Тебе надо как-то приехать ко мне. Есть тут у нас теперь «камара-одиночка», как называл сии заведения мой разлюбезный папуля, с книгами, папками, где пахнет книжным тленом и клеем. Можешь в ней запираться хоть на неделю, никто и не заметит, даже если помрёшь. Тогда и о делах поговорим, хотя дела кругом, прямо сказать... но заработок на дорогу какой-нибудь изобретём тебе.
Кланяюсь, обнимаю. Виктор Петрович
1985 г.
(Г.Ф.Шаповалову)
Дорогой Жора! Вроде весна наступает и у нас, правда, не очень торопится, ночами холодно, однако длинная и холодная зима, кажется, позади. Я, правда, маленько её, зиму, сократил — ездил в декабре в Японию, там было плюс 5-15. Для меня это в самый раз, а япошки говорят: «Холодно».
Поездка была интересная, хотя и пришлось мне много поработать: выступал, встречался с писателями и студентами, побывал во многих городах, в Хиросиме — тоже. Вблизи увидел последствия атомной бомбардировки и ясно представил себе, что ждёт людей, если случится ядерная война. Лучше до этого и не доживать: война, на которой мы с тобой были, — игрушка по сравнению с ужасами войны будущей.

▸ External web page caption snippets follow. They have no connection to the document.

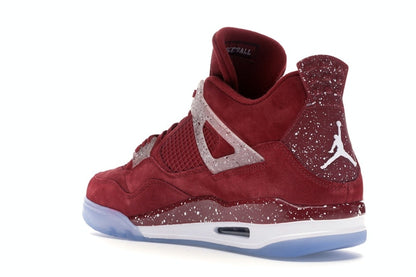 Jordan 4 Retro Oklahoma Sooners PE
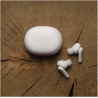 Sudio Earbuds | E4 Pro | Bluetooth | In-ear | Microphone | Cloud White | Noise canceling | Noise reduction | Wireless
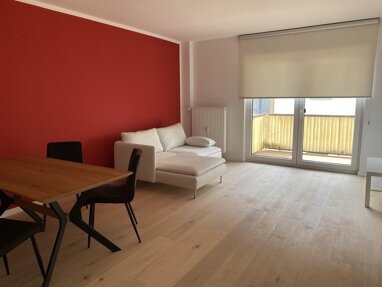 Wohnung zur Miete 1.500 € 2 Zimmer 56 m² 2. Geschoss Königslacher Str. 26 Niederrad Frankfurt a. Main 60528
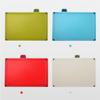 4pcs Food Classification Chopping Boards PP  Portable Non Slip Cutting Boards Kitchen Tools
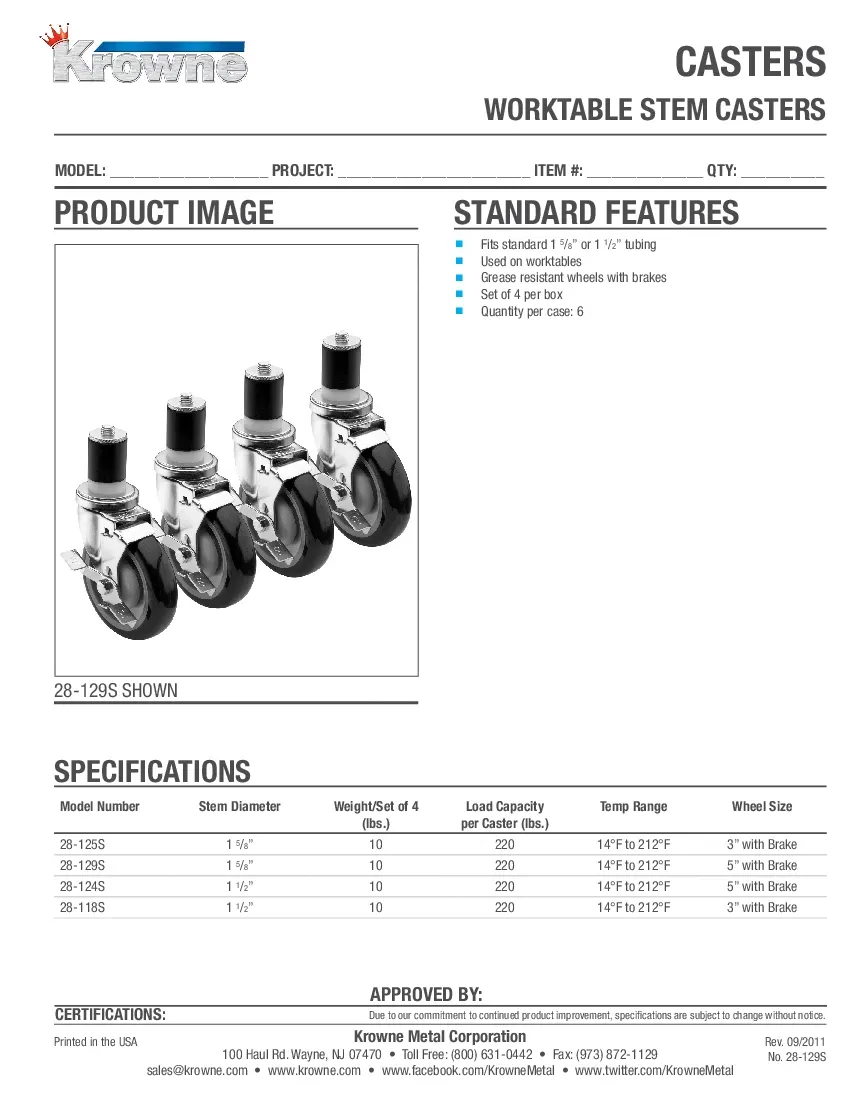 krowne-metal-28-125s-casters-specsheet-260221yma7h3.pdf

После поездки сидел дома, много работал. Не знаю только зачем. Просят, умоляют написать о войне, напишешь — не проходит в печать: всем нужна война красивая и героическая, а та, на которой мы были, с грязью, вшами, подлецами-комиссарами вроде начальника политотдела нашей дивизии — такая война никому не нужна, а врать о войне я не могу, ибо чем больше врёшь о войне прошлой, тем ближе становится война будущая.
Но всё равно живу работами и заботами. К будущей зиме, здоров буду, надеюсь закончить новую книгу рассказов и, может, сделаю, точнее, доделаю маленькую повесть, а скорее, маленький роман.
С успехом прошёл по телевидению фильм по моему сценарию «Ненаглядный мой». С тем же режиссёром собираемся работать над трёхсерийным телефильмом «Где-то гремит война». Я ещё сделал инсценировку для местного театра ко Дню Победы, и ещё много чего поделал. Очень устал. Твой Виктор
1985 г.
(И.П.Борисовой)
Дорогая Инна Петровна!
Посылаю Вам (в «Новый мир») два, не скрою, дорогих мне рассказа (может, оттого что я давно их не писал, самостоятельных и больших рассказов, и разгон начался с «Медвежьей крови» — спасибо ему хоть за это!). Рассказы эти помогли мне преодолеть душевную депрессию и творческий застой, хотя по мелочам много чего делал — да всё не то...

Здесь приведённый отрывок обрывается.